Click chemistry describes a powerful set of chemical reactions that are rapid, selective, and produce high yields.[1] The most recognized of these reactions is the copper (I)-catalyzed azide-alkyne cycloaddition, which has been applied to diverse areas, ranging from materials science to chemical biology.[2–8] For biological applications, both azido and alkyne groups are considered to be bioorthogonal chemical reporters because they do not interact with any native biological functional groups. As a result, these bioorthogonal reporters can be incorporated into a target biomolecule using the cell’s biosynthetic machinery to provide chemical handles that can be subsequently tagged with exogenous probes. The bioorthogonal reporters are complementary to genetically encoded tags, such as green fluorescent protein (GFP),[9] and provide a powerful approach to tag biomolecules without the need of direct genetic encoding. Bioorthogonal labeling via click chemistry is highly sensitive with low background despite the complex cellular environment. In practice, however, the sensitivity is constrained by the abundance of the target molecules, the labeling efficiency of the chemical reporters, and the performance of the exogenous probes.[7] In almost all cases, bright and photostable probes are highly desirable, particularly for long-term tracking and sensitive detection of low-abundance biomolecules.
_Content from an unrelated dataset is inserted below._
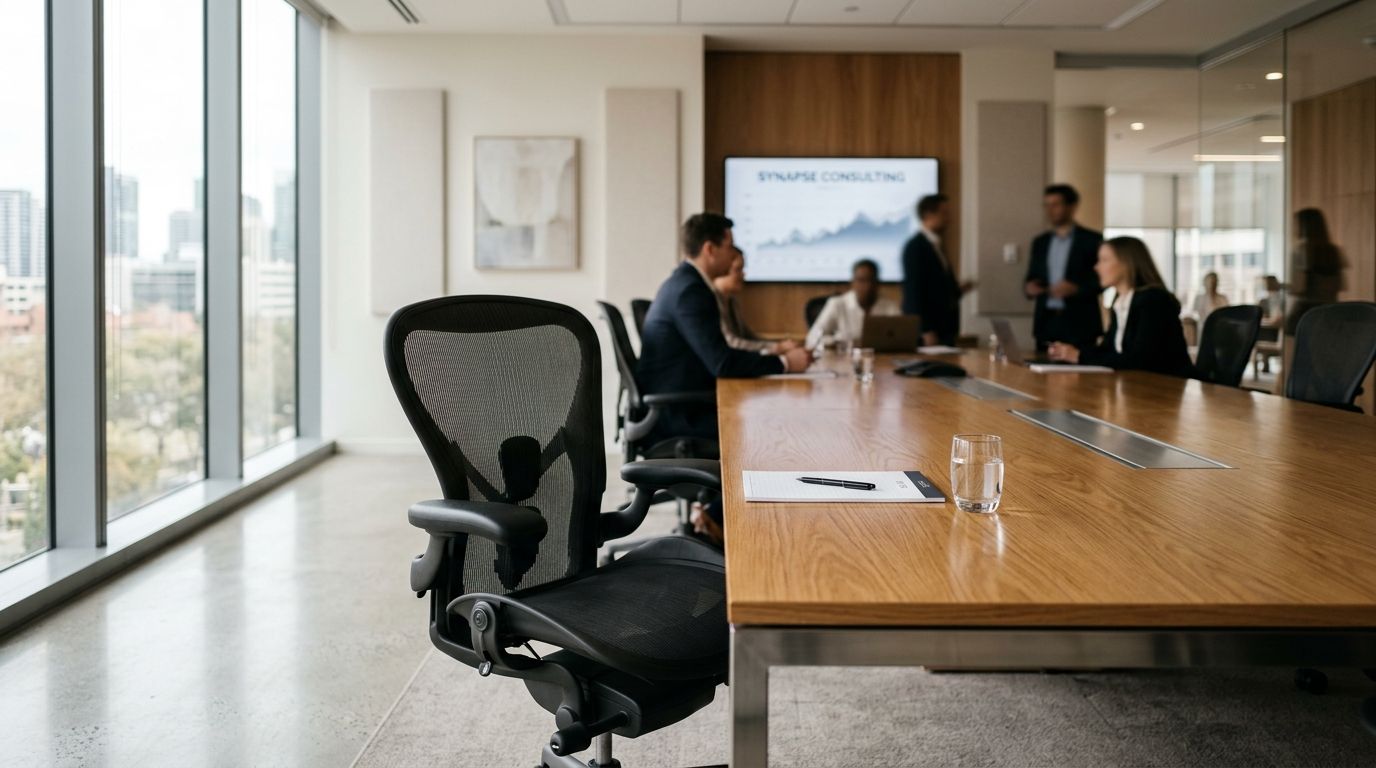 Uma sala de reunião moderna e iluminada com uma mesa de madeira, cadeiras ergonômicas e profissionais trabalhando.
Fluorescent nanoparticles such as quantum dots (Qdots) exhibit improved brightness and photostability over traditional fluorescent dyes.[10–12] In the context of click chemistry, however, the copper catalyst irreversibly quenches Qdot fluorescence and prevents their usage in the various applications based on copper-catalyzed click chemistry.[13] Because of copper’s cytotoxicity, copper-free bioorthogonal approaches, such as the Staudinger ligation and the strain-promoted azide-alkyne cycloaddition, have been developed for live cell and in vivo applications.[7] Qdots can be employed in the copper-free methods,[13,14] where their instability caused by copper is not an issue. However, Qdots’ intrinsic toxicity, caused by the leaching of heavy metal ions, is still a critical concern.
Semiconducting polymer dots (Pdots) represent a new class of ultrabright fluorescent probes,[15–25] which can overcome both issues for click chemistry-based applications. Previous studies showed that Pdots were not cytotoxic in different cellular assays,[16,19,23,25] making them appealing for studies in living system. In this study, we focus on their biological applications involving copper-catalyzed click chemistry. Pdots are brighter fluorescent probes than Qdots, can have up to a thousand-fold faster emission rates than Qdots, and are photostable and do not “blink”.[16] For biological applications, however, a significant problem of Pdots is the control over their surface chemistry and conjugation to biological molecules. This is a significant challenge that has prevented the widespread adoption of Pdots in biological studies.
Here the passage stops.